> RECORDED DATA:
◆ ◆ ◆ ◆

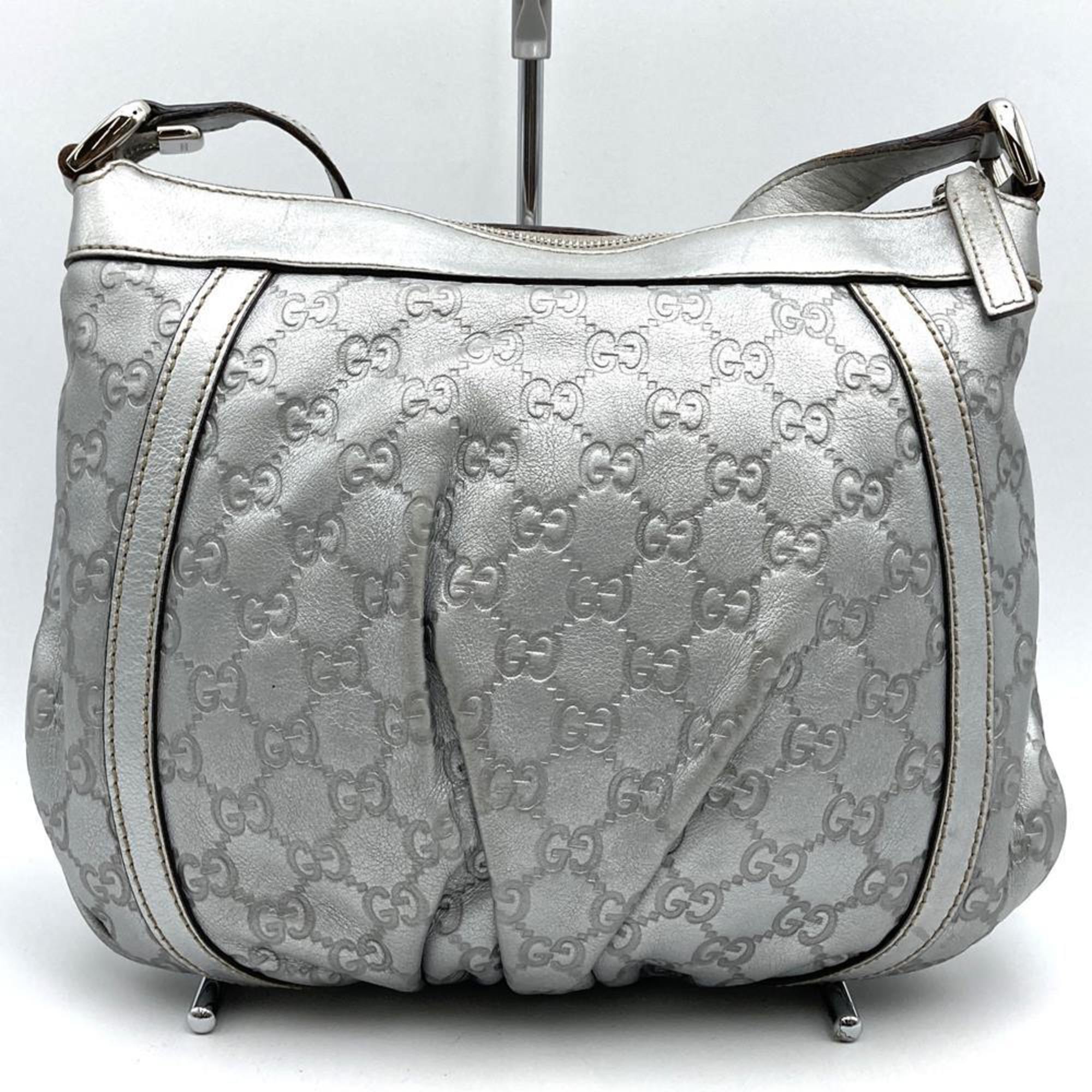 Gucci Abbey Silver Leather Shoulder Bag (Pre-Owned)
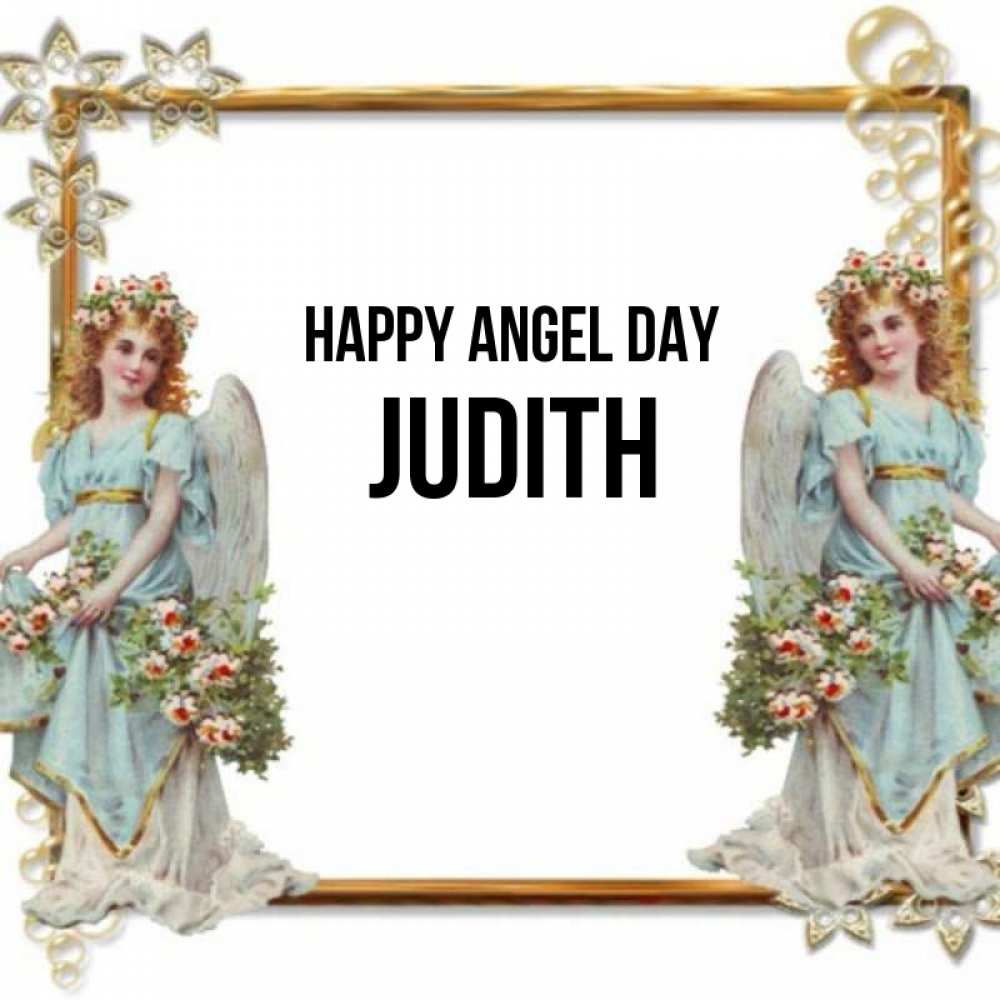 Greetings card с именем, Judith happy angel day рамочка из золота и ангелы Greetings with text for free download 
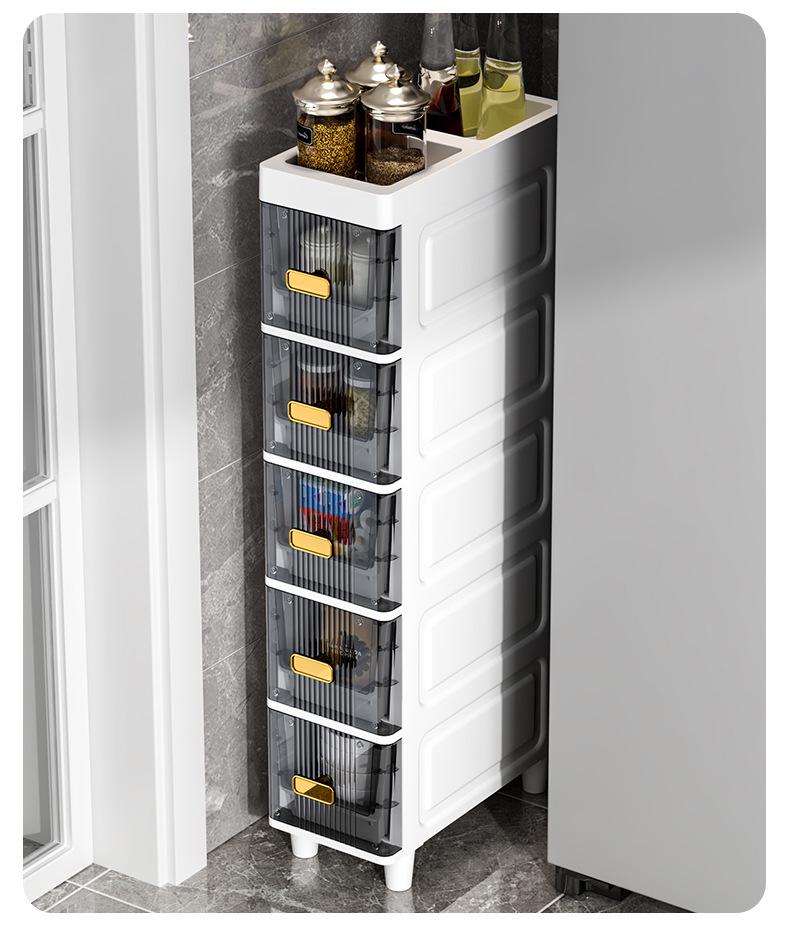 Waterproof Ultra-Narrow Storage Cabinet for Bathroom, Kitchen, and Refrigerator Gaps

◆ ◆ ◆ ◆

> WHAT YOU ARE ASKED TO DO: An exact retyping of the material, minus the pictures, is the required answer.

> YOUR SOLUTION:
 Gucci Abbey Silver Leather Shoulder Bag (Pre-Owned)
 Greetings card с именем, Judith happy angel day рамочка из золота и ангелы Greetings with text for free download 
 Waterproof Ultra-Narrow Storage Cabinet for Bathroom, Kitchen, and Refrigerator Gaps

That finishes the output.